And to think her 2020 was going to be big. The Pretenders’ new album, Hate for Sale, was scheduled for late spring, the first to be co-written with lead guitarist James Walbourne and feature the current touring lineup.
Stephen Street was returning as producer, having worked with Hynde on 1994’s The Last of the Independents, the following year’s live acoustic album The Isle of View, and 1999’s ¡Viva El Amor!, and Hynde’s calendar was booked out, with some 70 cities on the Pretenders’ touring itinerary.
Yadda yadda yadda, everything got paused and everyone was cocooned in the prophylactic amber of public health measures. Hate for Sale ultimately got released in the summer – they couldn’t sit on it any longer – but Hynde’s year was largely spent painting at her London home, sheltering in place.

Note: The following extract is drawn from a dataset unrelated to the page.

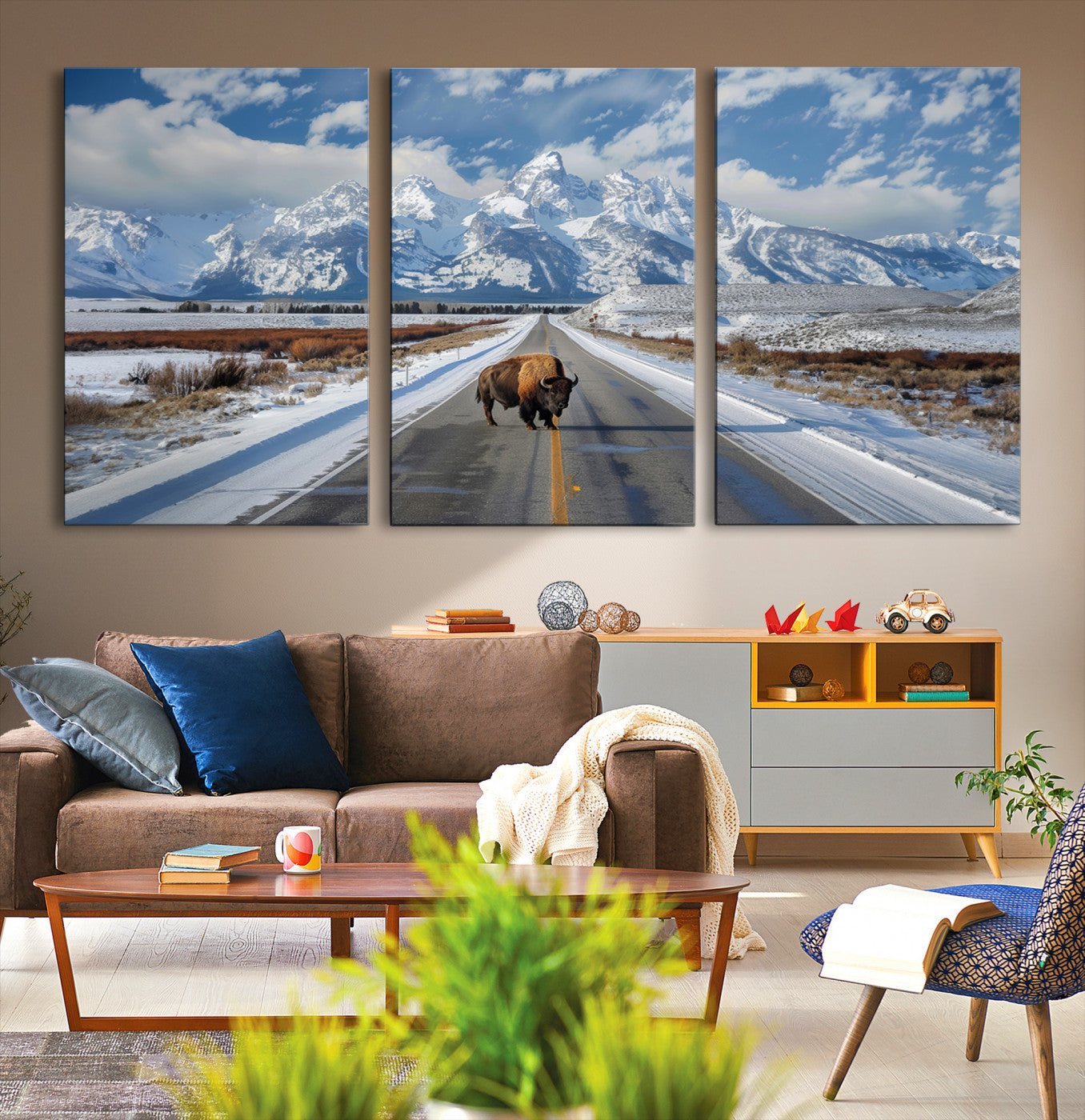 A powerful bison stands on a snow-dusted road beneath the towering peaks of the Grand Tetons, capturing the untamed beauty of America's winter wilderness.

Having moved from Akron, Ohio, to London in the '70s, principally because she wanted to see the world, because she likes to keep moving, this was an alien state to contend with.
“I like even the feeling of moving,” she says. “For me, getting in a band has been very much a vehicle to do that, just to keep moving, new cities, new countries, new places. It just turns me on.”
The puppy and the electric guitar both play their part today. Firstly, the guitar is the reason Fender have patched the call through – a signature model for Hynde is a big deal – while the puppy’s bladder capacity will determine how long we have on the phone.
While we can’t bring you the spec on the puppy, we can say that of all the new year releases, Hynde’s signature Telecaster is sure to be shortlisted for Best in Show. It’s a production line replica of her 1965 Iced Metallic Blue Telecaster, the one you will have undoubtedly seen her with over the decades, her number one guitar since buying it in NYC circa 1980.
With a Faded Ice Blue Metallic color coated in Fender’s Road Worn lacquer finish, Hynde’s 2021 signature model has those city miles priced into the build, and it just goes to show that, like a pair of Levi’s, the Fender Telecaster only gets better with age.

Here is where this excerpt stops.